* **EXERCISE DIRECTIONS**
An exact reprint of the listing is required, with no pictures included.

* **DATA SUPPLIED**
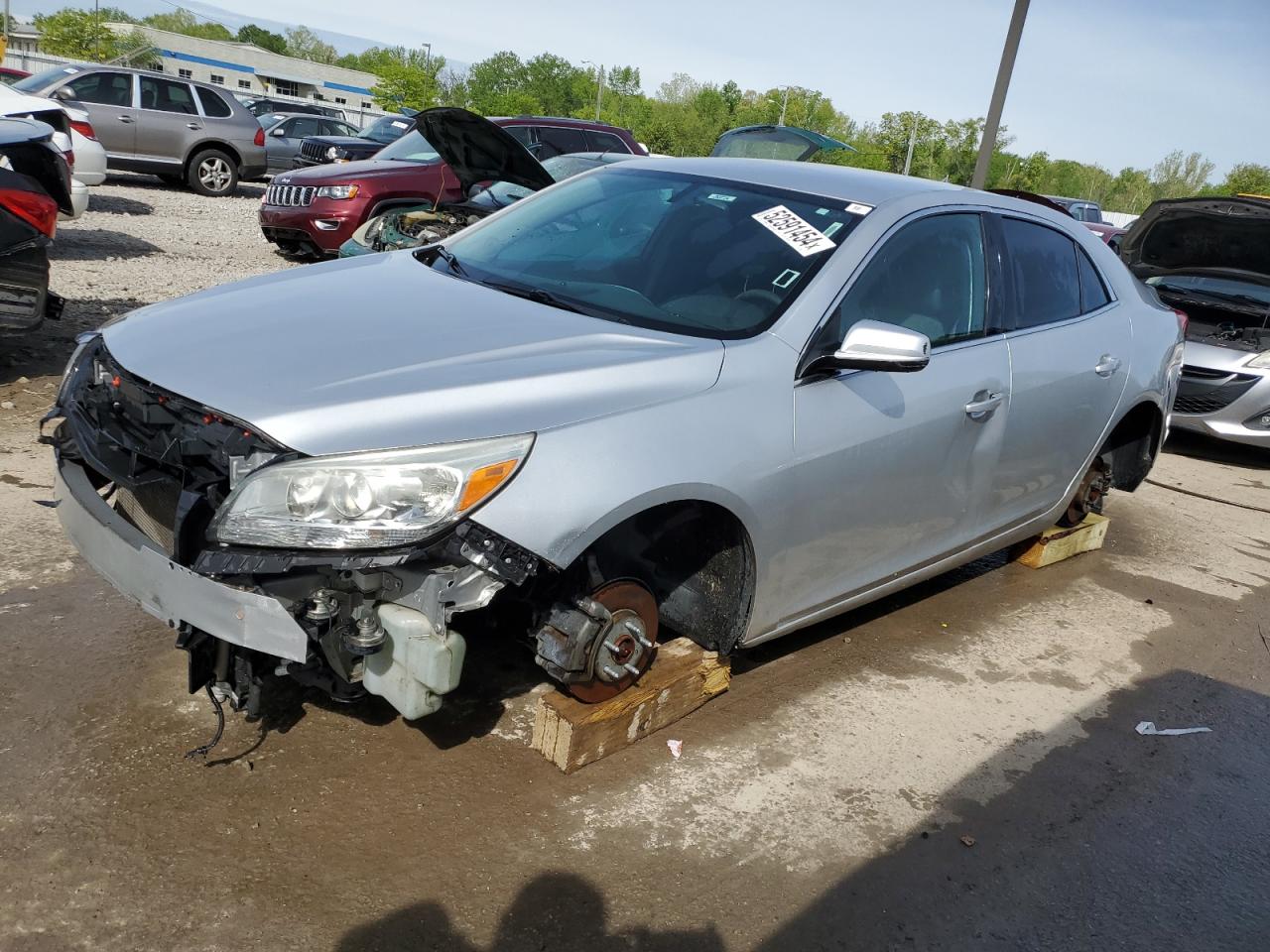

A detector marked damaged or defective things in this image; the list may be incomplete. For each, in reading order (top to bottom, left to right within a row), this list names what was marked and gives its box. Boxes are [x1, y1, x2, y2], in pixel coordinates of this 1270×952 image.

car front end damage [46, 334, 561, 721]
damaged silver car [47, 162, 1178, 731]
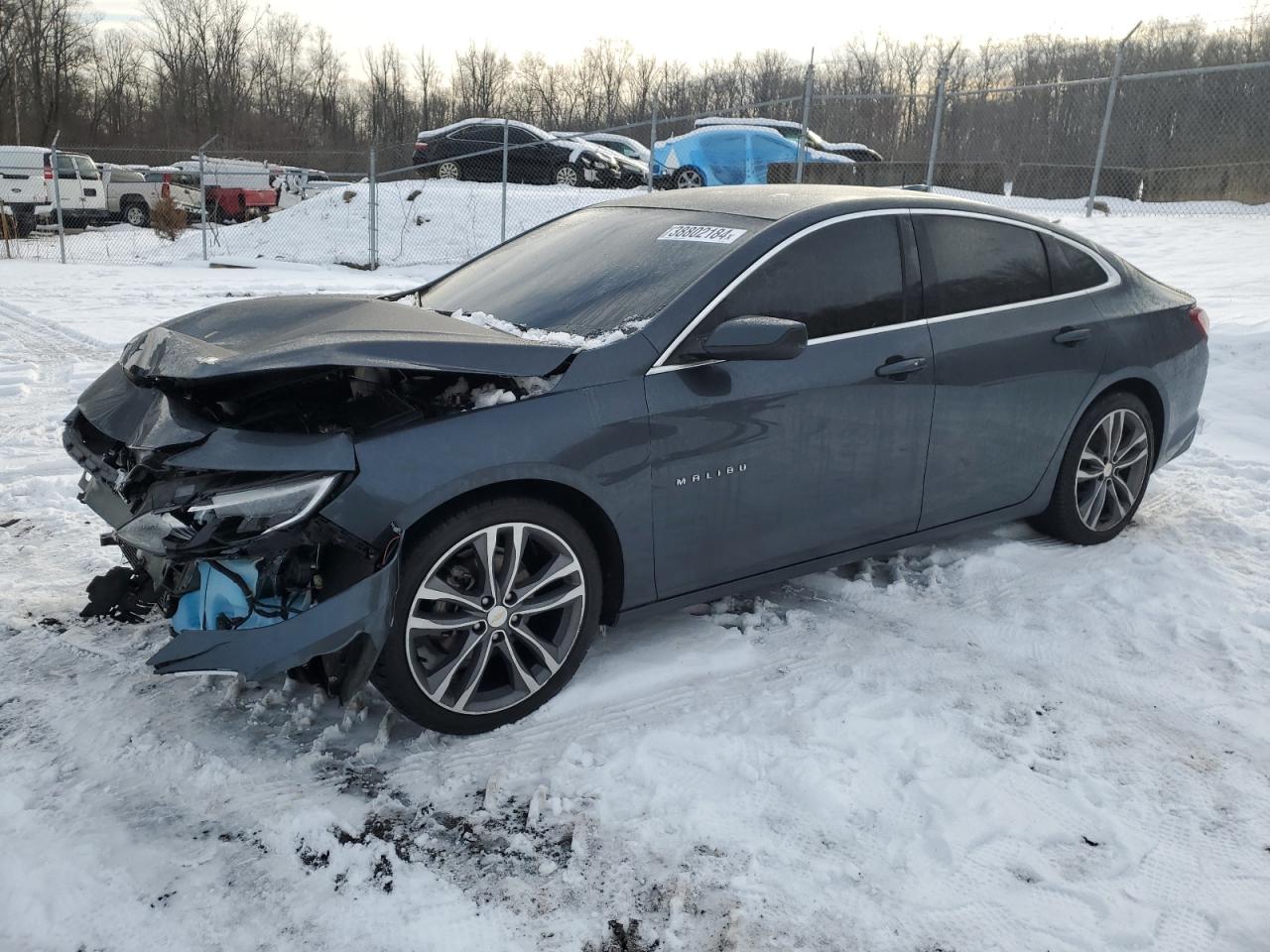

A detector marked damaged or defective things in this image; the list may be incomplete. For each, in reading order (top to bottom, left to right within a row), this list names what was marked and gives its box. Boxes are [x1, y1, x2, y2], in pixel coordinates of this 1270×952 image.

crumpled hood [119, 293, 576, 383]
broken headlight [185, 474, 340, 537]
damaged sedan [62, 187, 1208, 736]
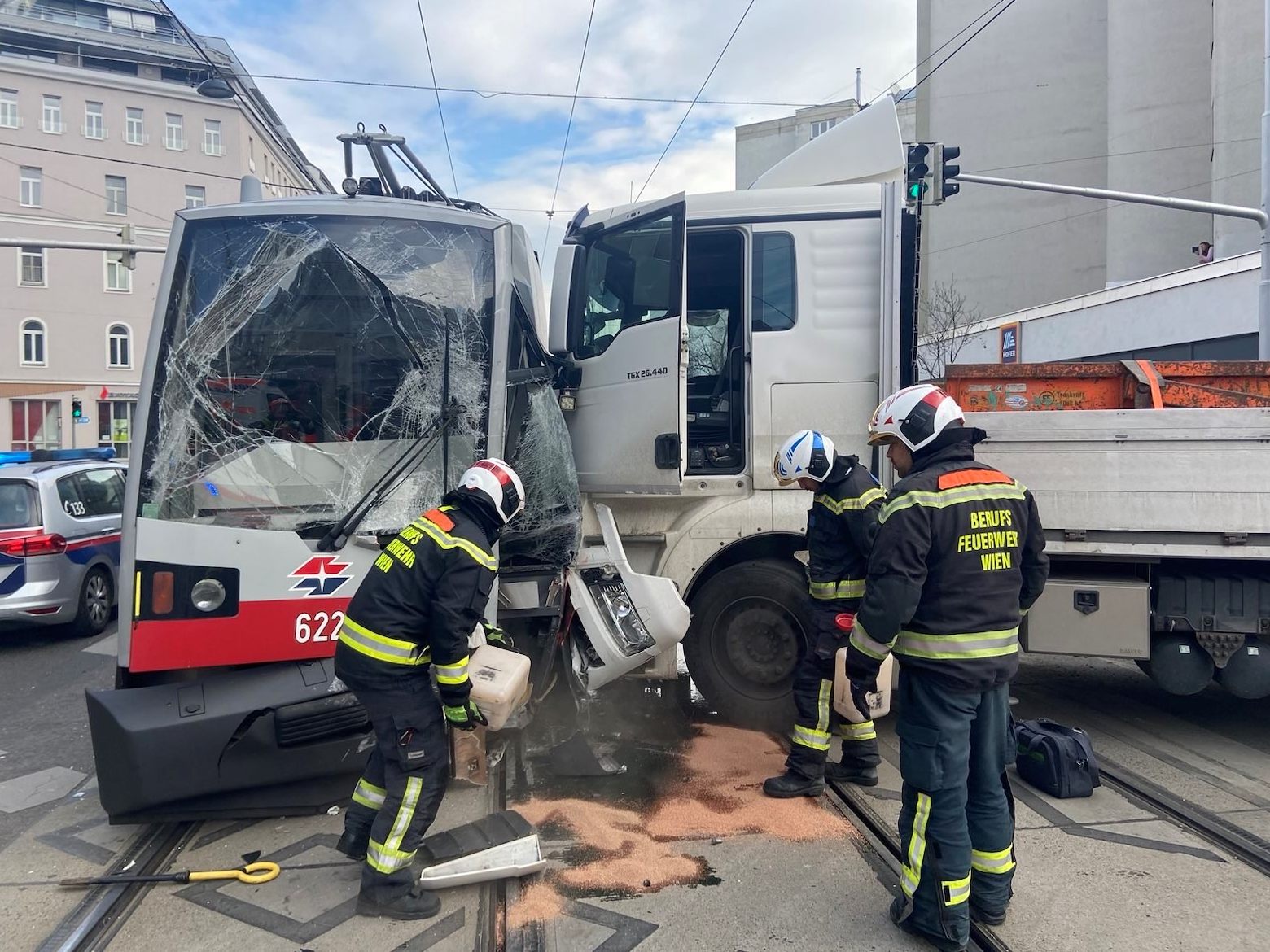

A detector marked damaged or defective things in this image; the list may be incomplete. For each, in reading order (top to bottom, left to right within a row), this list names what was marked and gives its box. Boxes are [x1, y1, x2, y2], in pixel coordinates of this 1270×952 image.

shattered tram windshield [139, 210, 495, 531]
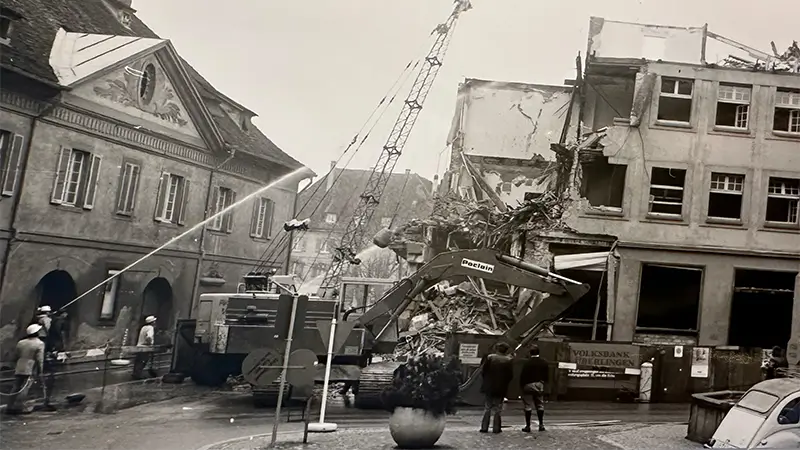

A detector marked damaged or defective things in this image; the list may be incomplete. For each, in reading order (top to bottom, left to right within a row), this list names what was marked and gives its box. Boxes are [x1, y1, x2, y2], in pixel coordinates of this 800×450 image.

broken concrete wall [584, 16, 704, 63]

* **ANSWER AREA**
A detector marked damaged or defective things in this image; the list may be incomplete. For each, in reading order (top to bottom, left to right within a row), this list names what was marked and gives its box. Boxes are [x1, y1, x2, y2], in pixel coordinates of this 1270×952 image.

car front end damage [46, 334, 561, 721]
damaged silver car [47, 162, 1178, 731]

A detector marked damaged or defective things in this image; the list may be incomplete. For each, in reading order (top to bottom, left to right within a row), this list names what was marked and gives its box. Boxes are [x1, y1, x2, y2], in pixel coordinates of this 1270×952 image.

crumpled hood [119, 293, 576, 383]
broken headlight [185, 474, 340, 537]
damaged sedan [62, 187, 1208, 736]

A detector marked damaged or defective things in this image; the list may be incomplete. For each, in reading order (top to bottom, left to right within a row), this list names what was marked and gives its box. Boxes are [x1, y1, x2, y2], in pixel coordinates of this 1270×952 image.

shattered tram windshield [139, 210, 495, 531]

A detector marked damaged or defective things in this image; the list may be incomplete. For each, in reading order (top to bottom, left to right within a row), this list names what was marked and gives its box. Boxes are [x1, y1, x2, y2], in pixel coordinates of this 800×450 image.

broken concrete wall [584, 16, 704, 63]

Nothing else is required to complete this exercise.